Should following be the solution to my problem?

$\tau$ = $\alpha$ * $I$

By the way, I do realize, gravity is not taken into account, and I do find it a bit strange.
So I imagine myself that the system was confined within empty space with no gravity, I do agree only its own mass acts on the system, where moment of inertia is relevant.

19. Mar 21, 2013

### jbriggs444

If you divide angular momentum by time then you get torque.

If you divide angular momentum by one second you get a number of no particular relevance.
[You get the torque that would be required to achieve the given angular momentum if that torque were applied for a duration of one second]

You may have misread what risecolt wrote. If you have angular momentum expressed in kilogram meter2 per second and you divide by time expressed in seconds then you get torque expressed in kilogram meters2 per second2. The "second" enters in as a unit of measurement, not as a physical parameter of the problem.

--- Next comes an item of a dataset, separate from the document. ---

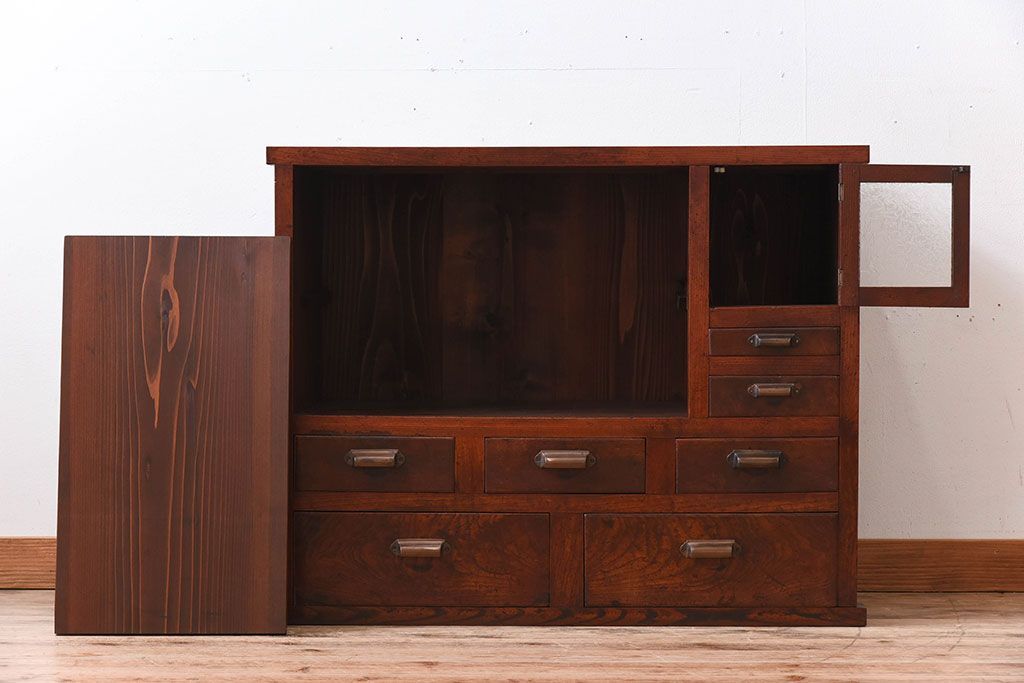 アンティーク家具　結霜ガラス入り!前面欅材の小ぶりなアンティーク収納棚(2)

That's a lot of 5's. Call the gear ratio 5 to 9 and save yourself some typing.

20. Mar 21, 2013

### risecolt

Thank you for replying. I am getting to the finish line now. So far I understand and accept that I must use the equation: torque = angular acceleration * moment of inertia.
This calculated torque would cross the axis of the center of the motor.
I know what the gear ratio is, but (1) do I use the gear ratio to calculate the angular acceleration of the small gear, and the torque remains the same, it's just transfered to the pin of the motor, or (2) I use the gear ratio to calculate the torque?